As you can see, since the June 2012 recall election, private sector job growth in Wisconsin has slowed down by nearly 400 jobs a month. If what Walker is saying is true, you’d have seen the private sector job numbers “take off like a rocket” (as Assembly Speaker Robbin’ Vos famously claimed in Spring 2012).

This failure to increase job growth is especially striking when you consider that U.S. job growth has stayed strong in the same time period under the Obama Recovery. This includes the upward revisions that were in last Friday’s U.S. jobs report.

U.S. private sector jobs
Jan 2011- June 2012 +3.474 million (+3.23%, +204,353 a month)
June 2012- Sep 2014 +5.529 million (+4.94%, +204,778 a month)

Both of these figures are faster than the rate in Wisconsin, and that the gap grows after the 2012 recall election from just over 1% to nearly 2%. Another chart will show this even clearer. In this case, I will use the 24 months before the June 2012 recall election, and the 24 months after the recall election.



Note the trendlines for both. Wisconsin’s goes down, and the U.S.’s goes up. So not only is Gov Walker’s claim of “recall elections hurt Wisconsin’s job growth” not true, the converse could be more easily argued- that retaining Walker in the June 2012 recall election slowed down Wisconsin’s job growth, and caused it to further lag the U.S. recovery.

And with the upwardly revised jobs numbers for August and September, it means that the Walker jobs gap has grown yet again. It’s now at more than 71,000 private sector jobs, and over (63,000) total jobs. The state needs another (4,000) in the October jobs report just to keep from falling behind even further.





You’d think a numbers guy like Chuck Todd would be interested enough to predict Scott Walker’s mendacious claims on job growth and be able to slam him to his face if Scotty even tried this BS of "recalls are the only reason job growth was slow in Wisconsin." But then again, you might remember Chuck Todd infamously pulling this act last year.
MSNBC host Chuck Todd said Wednesday that when it comes to misinformation about the new federal health care law, don't expect members of the media to correct the record.

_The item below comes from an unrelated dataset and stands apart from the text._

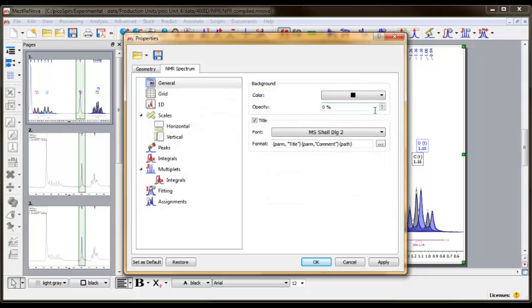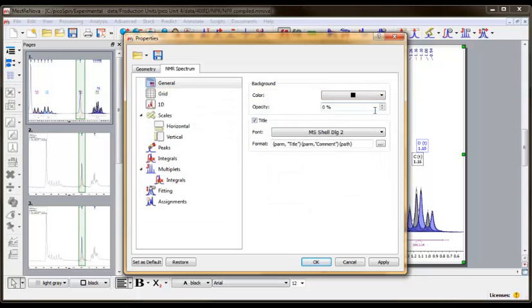Back in the Properties window, uncheck the Title box. If this remains checked, then the dataset name and file path will be written on the spectrum in the main workspace.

During a segment on "Morning Joe," former Pennsylvania Gov. Ed Rendell (D) speculated that most opponents of the Affordable Care Act have been fed erroneous information about the law. Todd said that Republicans "have successfully messaged against it" but he disagrees with those who argue that the media should educate the public on the law. According to Todd, that's President Barack Obama's job.

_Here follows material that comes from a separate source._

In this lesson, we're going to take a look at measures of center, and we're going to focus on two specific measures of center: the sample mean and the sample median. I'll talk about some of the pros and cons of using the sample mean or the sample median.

"But more importantly, it would be stuff that Republicans have successfully messaged ag1ainst it," Todd told Rendell. "They don't repeat the other stuff because they haven't even heard the Democratic message. What I always love is people say, 'Well, it's you folks' fault in the media.' No, it's the President of the United States' fault for not selling it."
So why aren’t we surprised to see Chuck Todd stand by and say nothing when Scott Walker falsely claims that recall elections held back Wisconsin job growth, because Chuckles is more interested in how convincingly Walker is spinning his reasons instead of caring about whether it is true or not.

This country is in a very dangerous place because attitudes like Chuck Todd’s and Scott Walker’s have devolved politics into a place where marketing is able to trump results. We just saw last week in Wisconsin what happens when people vote for candidates based on messaging and anger as opposed to voting for candidates that they agree with on the issues. Now we will all pay a big price for that weakness and lack of accountability from and by our media.

2 comments:

  1. An astute comment; Chuck Todd is more interested in form than substance. A self-aggrandizing explanation with a smooth delivery suggests that Walker is ready for the national stage. We know better.